Reaction With Sulfuric Acid and Sulfates
When radium encounters sulfate ions, it forms radium sulfate, one of the most insoluble radium compounds known. Radium sulfate has a solubility product of 3.7 × 10⁻¹¹, making it even less soluble than barium sulfate (1.1 × 10⁻¹⁰). This extreme insolubility is important in environmental chemistry and in separating radium from other elements. If you mix a radium solution with sulfuric acid or any soluble sulfate, the radium sulfate crashes out of solution almost completely.
Reaction With Carbonate Minerals
Radium interacts with a wide range of carbonate minerals, and it does so more broadly than barium. In studies comparing the two elements, radium reacted with all eight carbonate minerals tested, including calcite, dolomite, strontianite, rhodocrosite, ankerite, witherite, siderite, and magnesite. Barium, by contrast, showed measurable uptake on only three of those: dolomite, magnesite, and siderite.
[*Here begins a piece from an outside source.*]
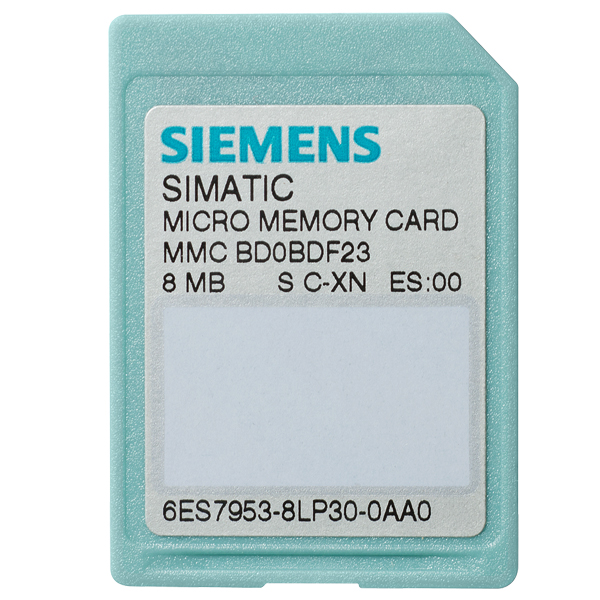 Siemens SIMATIC S7 Micro Memory Card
The way radium bonds to these minerals varies. With calcite, dolomite, strontianite, rhodocrosite, and witherite, radium uptake increases as its concentration rises, suggesting it gets incorporated into the mineral structure through a coprecipitation process. With siderite, magnesite, and ankerite, the behavior points to simple surface sorption, where radium atoms stick to the mineral surface without becoming part of the crystal lattice. This broad reactivity with carbonates is one reason radium can be difficult to remove from groundwater, since it binds to so many common rock-forming minerals.
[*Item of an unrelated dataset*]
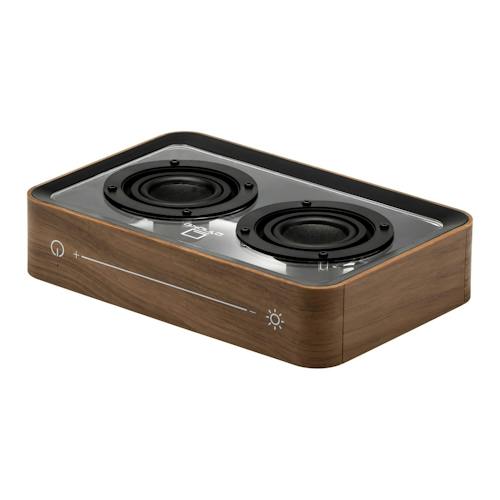 laydown image of Mage See-Through Speaker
Reaction With Zinc Sulfide
One of radium’s most famous interactions isn’t a chemical reaction in the traditional sense. When radium sits near zinc sulfide, a phosphorescent material, the alpha particles, beta particles, and gamma rays it emits strike the zinc sulfide and cause it to glow. This radioluminescence was the basis for the glow-in-the-dark paint used on watch dials in the early 20th century. The zinc sulfide doesn’t chemically combine with radium. Instead, the radiation delivers energy to the phosphor, which re-emits it as visible light. Alpha particles alone can produce the glow, though beta and gamma rays contribute as well.
How Radium Reacts Inside the Body
Radium’s chemistry makes it dangerous in a specific way: it mimics calcium. Because radium sits in the same column of the periodic table as calcium, the body treats it like calcium and deposits it into bones. Once there, radium binds to hydroxyapatite, the mineral that gives bone its hardness. Unlike calcium, though, radium is radioactive. Its alpha particle emissions cause double-stranded breaks in DNA, which can lead to bone cancers over time.
This same property has a medical application. Radium-223, an isotope with a half-life of 11.4 days, is used to treat bone pain in certain cancers. Each radium-223 atom releases four alpha particles as it decays, delivering targeted radiation directly to bone tissue where cancer cells have spread. The calcium-mimicking behavior that makes radium dangerous in environmental exposure becomes therapeutically useful when directed at tumors.
Why Radium Is More Reactive Than Barium
Radium’s extreme reactivity comes down to its size and electron structure. It has the lowest first ionization energy among the alkaline earth metals at 5.279 electron volts, meaning it takes very little energy to strip away its outermost electrons. The larger the atom, the more loosely it holds its valence electrons, and radium is the largest alkaline earth metal. This makes it highly electropositive, eager to shed electrons and form bonds with nearly anything that can accept them. Its chemical behavior mirrors barium’s in most respects, but every reaction proceeds a bit faster and the resulting compounds tend to be slightly less soluble, with radium sulfate being the clearest example of that trend.